Campaign scoreboard (unchanged from iter7):
```
Codec | Site | Status | Notes
========|===========|===============|====================================
H.264 | rkvdec | PARTIAL | Bug 4 narrowed; PPS diff next (iter9)
HEVC | rkvdec | TRANSITIVE * | Bug 5 deferred
VP9 | rkvdec | PASS direct | iter5b-β fix
MPEG-2 | hantro | PASS (env) | iter1 PASS
VP8 | hantro | PARTIAL (env) | Bug 6 deferred
```
iter9 candidate ranking (per Phase 7c):
1. **α-3 PPS full-byte diff** (lowest LOC, mechanical strace re-run + diff)
2. **α-6 DECODE_PARAMS post-DPB fields** (strace re-run with longer -s, diff bytes 512-559)
3. **α-4 DPB entry ordering** (~10 LOC change to h264_fill_dpb)

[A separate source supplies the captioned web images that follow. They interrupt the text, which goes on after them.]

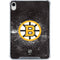 NHL Boston Bruins Iced iPad 11th Gen (2025) Clear Case
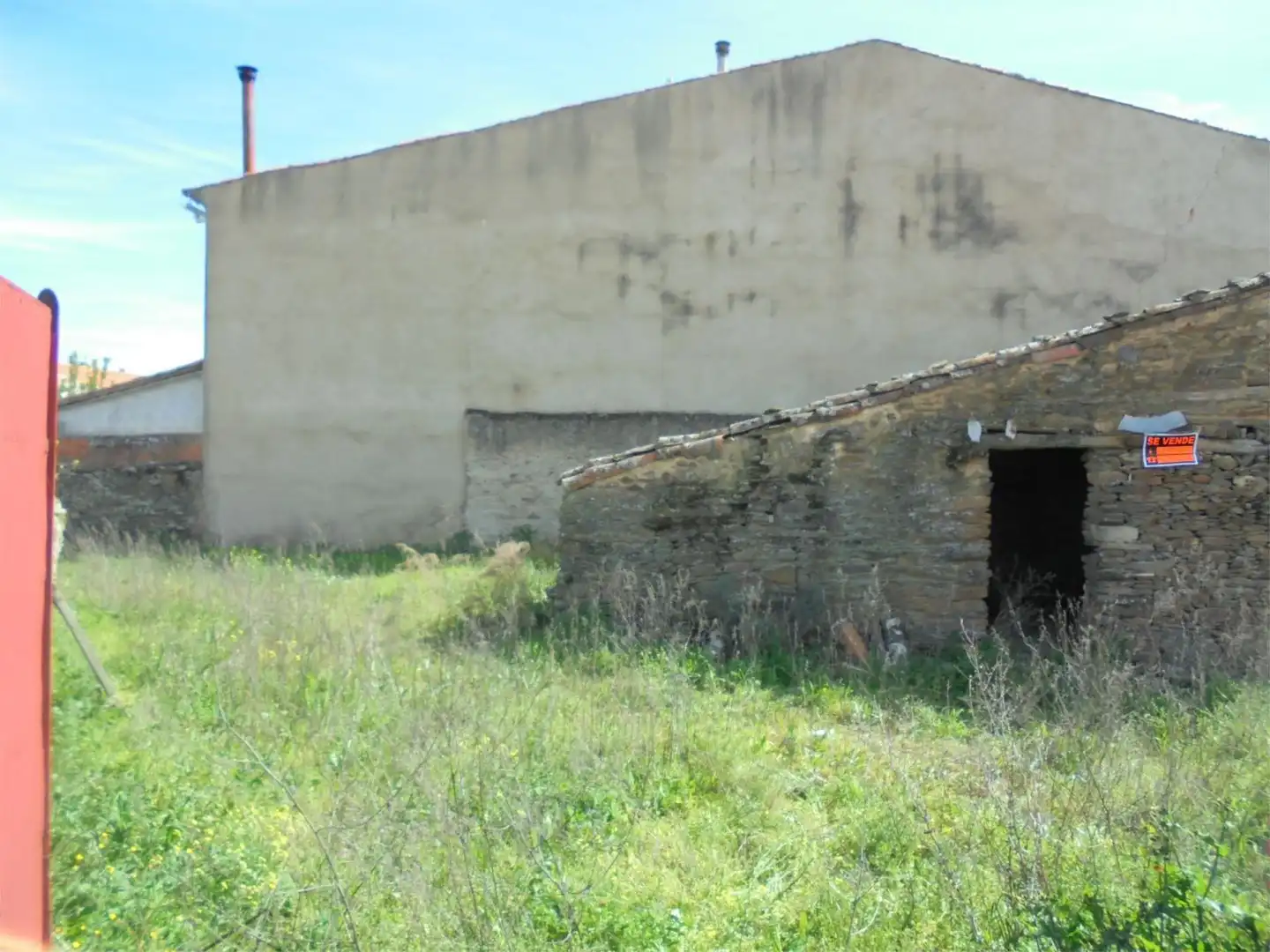Terreno en venta en Calle Generalísimo Franco, 40, Casas de Don Gómez Vista exterior de Terreno en venta en Casas de Don Gómez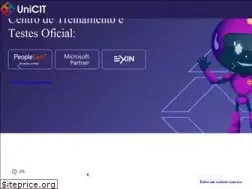 Sites similar to unicit.com.br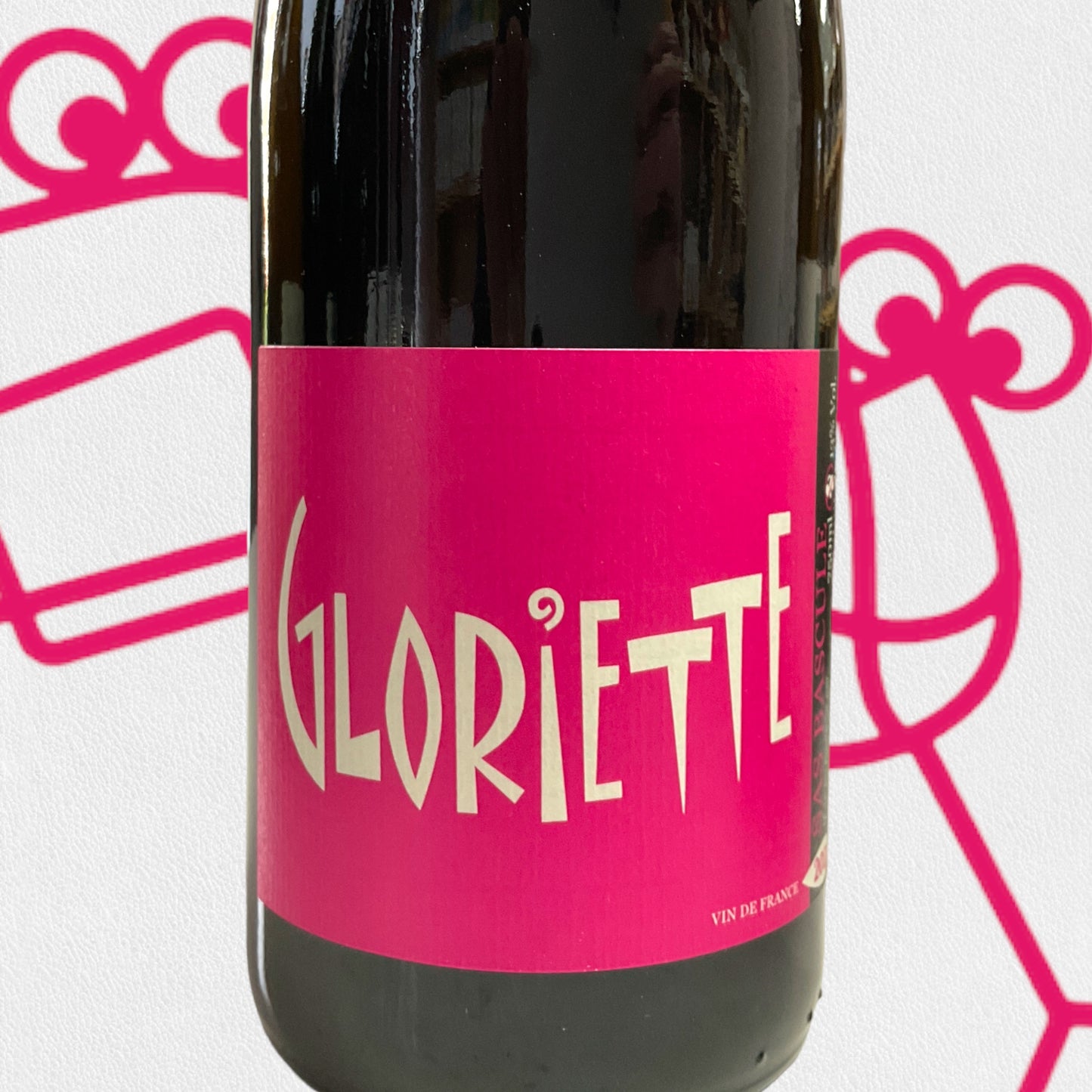 La Bascule 'Gloriette' 2021 Languedoc-Rousillon, France - Williston Park Wines & Spirits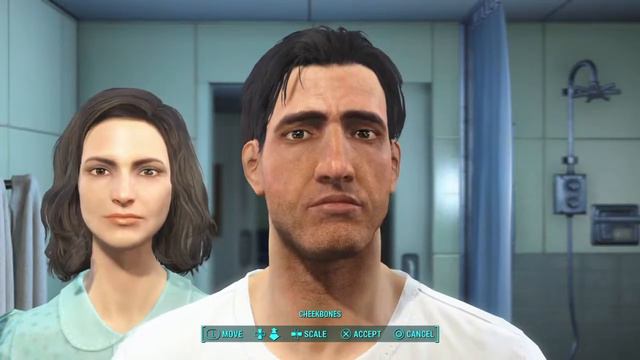 FALLOUT 4 with no HUD смотреть онлайн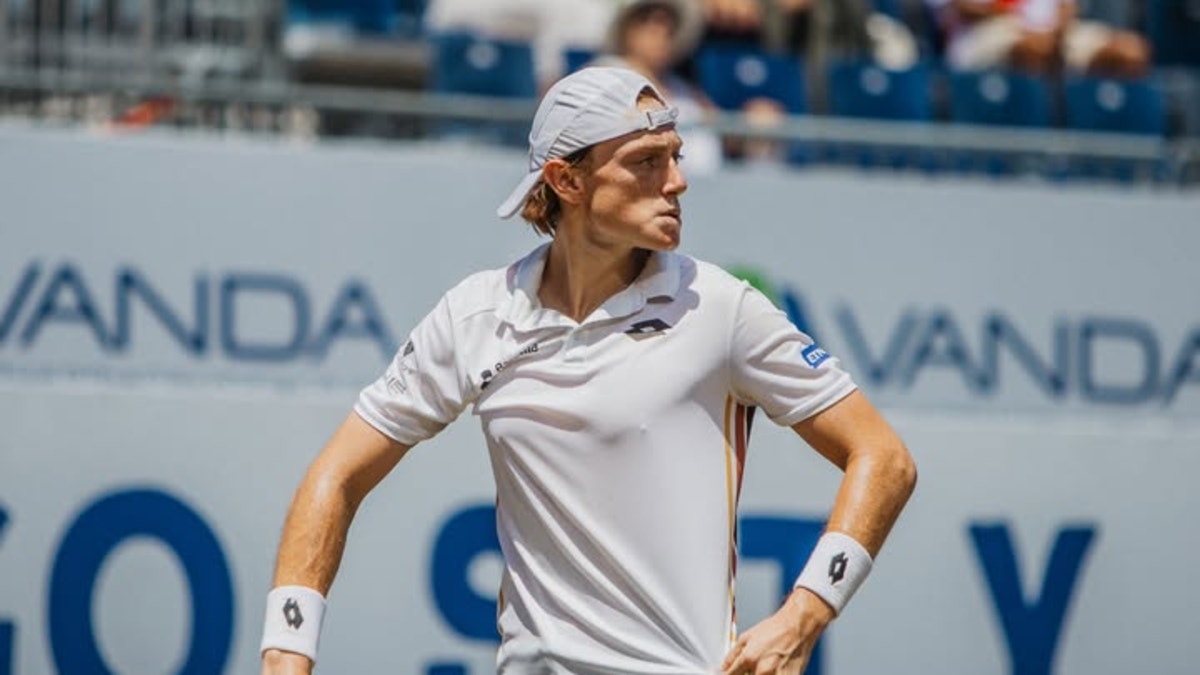 No fue para Ignacio Buse: cayó 2-0 ante Adam Walton por la segunda ronda del Masters 1000 de Cincinnati
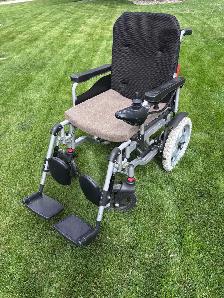 Power Wheel Chair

4. **α-5 Slice data encoding** (deepest investigation, ~60 min)
## Memory rule candidates (deferred to next memory-curation pass)
- **Per-V4L2-driver kludge gating**: any hantro / rkvdec / cedrus-specific workaround in shared codec code must be gated, similar to per-codec gating per `feedback_unconditional_codec_state.md`.
- **Bug label revalidation**: when picking up a carryover bug, run Phase 3-equivalent empirical reproduction first; the label may be wrong.
- **Wire-byte equivalence ≠ behavior equivalence**: a successful "match kdirect's bytes" change isn't proof of fix. Always run the success criterion verifier post-change.
## Phase 8 commit
This document records iter8 close. Fork at `0226684`. Backend SHA `b6a3958a…`. Bug 4 narrowed via 5 eliminations; 4 of 5 codec criteria unchanged (PASS); criterion-1 H.264 still PARTIAL.
iter8 = 5/6 PASS. iter9 has a clearer search space than iter8 opened with.